Save jobs, companies urged

Business Top Stories Zimbabwe

Takudzwa Chihambakwe

The Employers’ Confederation of Zimbabwe (EMCOZ), has called on companies to preserve jobs where possible despite facing various challenges to pay salaries after the coronavirus-induced lockdown.

This comes at a time when some companies have mooted retrenchments.

EMCOZ president, Israel Murefu says some of the actions are understandable as a number of sectors such as tourism are on complete shut-down.

His sentiments come after stock exchange listed company, Simbisa Brands released a statement highlighting that it was laying-off its contract workers. 

“This is a very difficult period for both business and employees. What we expect is that if there is any business that wants to do anything from a labour market perspective they should do it in terms of the law of the country,” said Murefu.

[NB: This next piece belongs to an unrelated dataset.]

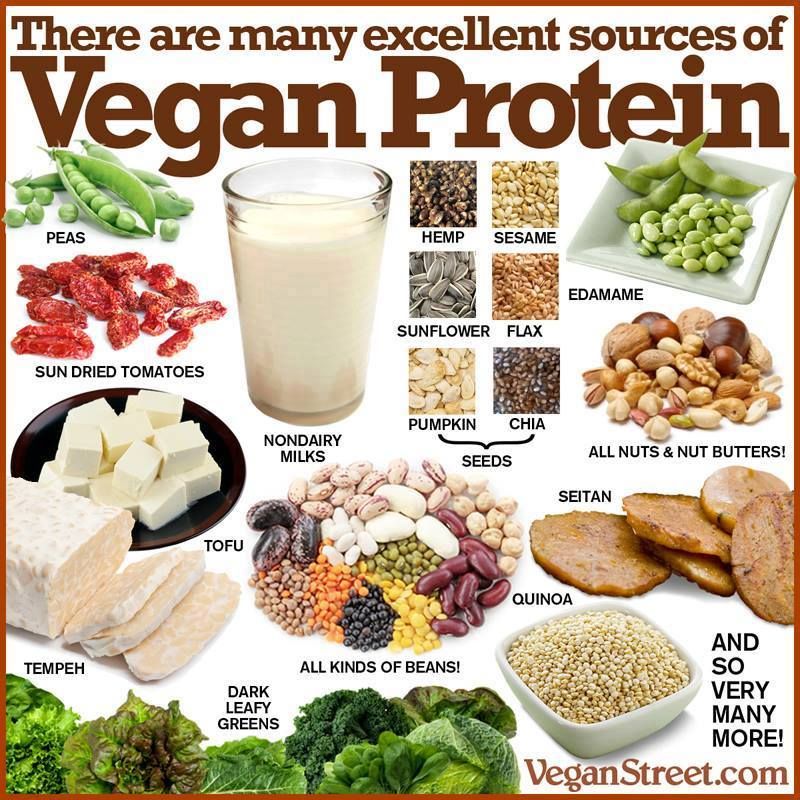 Protein giúp người bệnh tăng sức đề kháng và tốt cho hệ miễn dịch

“But, we would advise employers to exercise caution as much as possible and try to save jobs, if they can.”

Murefu said recent actions by Simbisa Brands were a result of the prevailing situation in the hospitality industry.

“The hospitality sector in the country is generally closed down. Businesses are not generating income so it might be difficult to pay salaries. However, we are not saying that they should retrench.

“They must try as much as possible to have an arrangement with employees on a course of action and try to implement what they would have agreed,” he advised.

He also said they are engaging Government and other stakeholders in the Tripartite Negotiating Forum (TNF) to come up with solutions on the matter.

“We think that by Thursday the TNF would have come up with a position which should be sent to all businesses and social partners as a guideline.”

The Zimbabwe Congress of Trade Unions (ZCTU) also shared its views on the matter of safeguarding jobs in the wake of the pandemic.

“Government made a mistake by not taking a well-coordinated and inclusive approach to the response on the coronavirus epidemic,” said ZCTU president, Peter Mutasa.

“Other countries brought labour, business and government together to craft a national response plan. This collective approach has caused governments of these countries to give moratoriums that there will be no retrenchments and nobody should be forced to go on leave during the lockdown. The same governments then also come up with stimulus plans.”

He added that companies which can afford to pay workers must do so as a way of national service.

“There are some sectors and companies that are already in a crisis. In this regard, Government must come up with a fiscal plan to ensure that they pay part of the salaries.

“We have submitted our position paper to Government through the Ministry of Labour. The paper clearly highlights the responsibilities of all players in the TNF. One of the issues it raises is that any serious business will not lay-off workers because it simply exacerbates the crisis which makes life even tougher after the lockdown,” he revealed.

The International Labour Organisation (ILO) states that there will be a number of job losses due to the virus. The ILO estimates that 1.25 billion workers, representing almost 38 per cent of the global workforce, are employed in sectors that are now facing a severe decline in output and a high risk of workforce displacement. Key sectors include retail trade, accommodation and food services, and manufacturing.

“As of 1 April 2020, estimates indicate that working hours will decline in the current quarter (Q2) by around 6.7 per cent, which is equivalent to 195 million full-time workers (assuming a 48-hour working week).

“This implies that many of these workers will face a loss of income and deeper poverty. There is also a high risk that the increase in the global number of unemployed at the end of 2020 will be significantly higher than the initial projection (25 million) in the ILO’s first Monitor. The production losses for many enterprises are also likely to be devastating and long-lasting, especially in developing countries where the fiscal space for economic stimulation is restricted,” reads the ILO Monitor 2nd edition: COVID-19 and the world of work.